[Data records Boundary: Start]

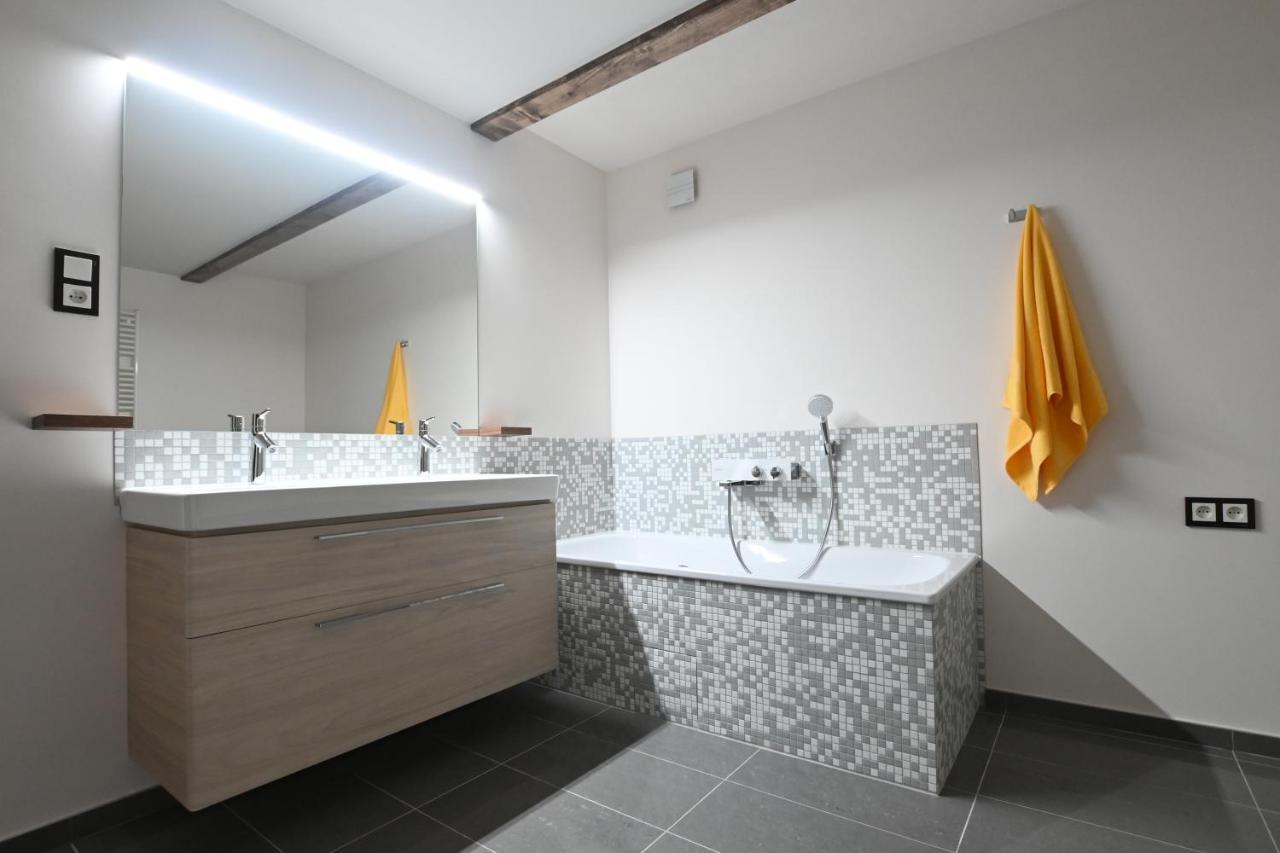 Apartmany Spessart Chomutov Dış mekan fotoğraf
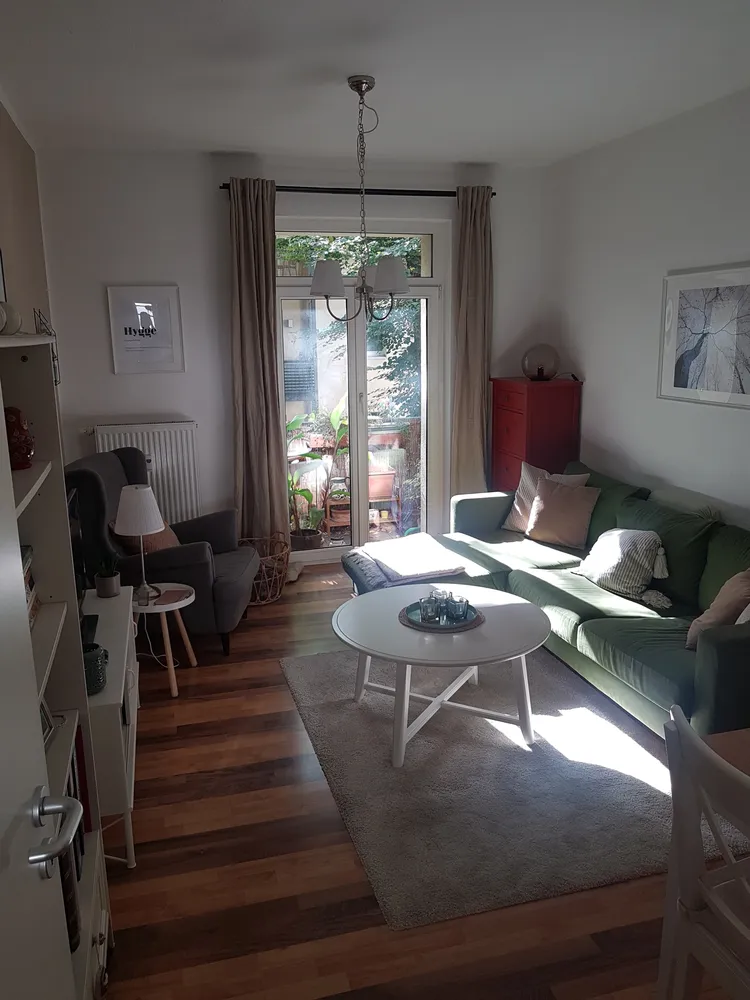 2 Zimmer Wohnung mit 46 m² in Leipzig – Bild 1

[Data records Boundary: End]
[Data records Boundary: Start]

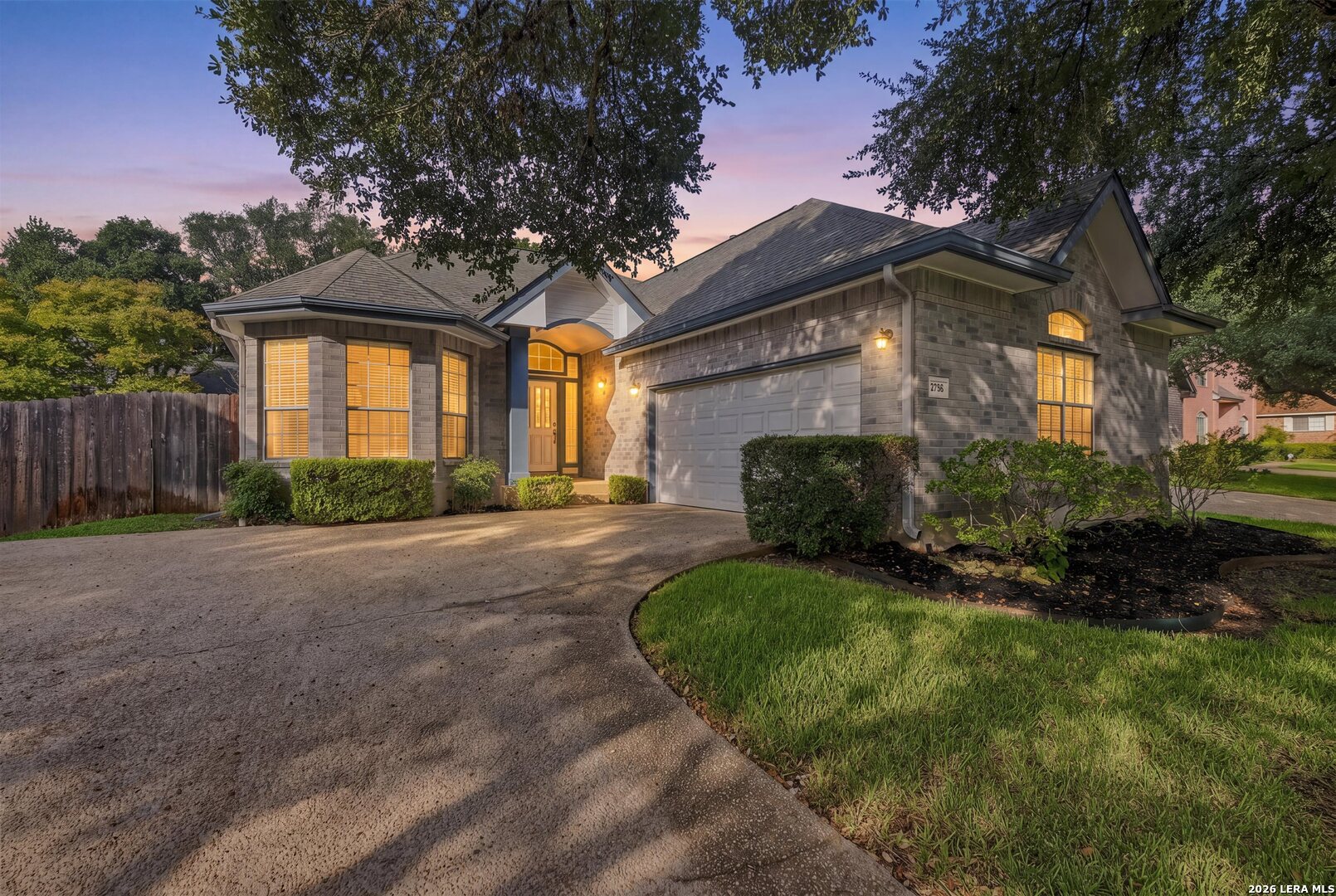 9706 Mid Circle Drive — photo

[Data records Boundary: End]

» Problem to solve: Taking the records above, print only and exactly the lines from the line with "Apartmany Spessart Chomutov" to the line with "2 Zimmer Wohnung", both kept, and exclude pictures.

» Answer below:
 Apartmany Spessart Chomutov Dış mekan fotoğraf
 2 Zimmer Wohnung mit 46 m² in Leipzig – Bild 1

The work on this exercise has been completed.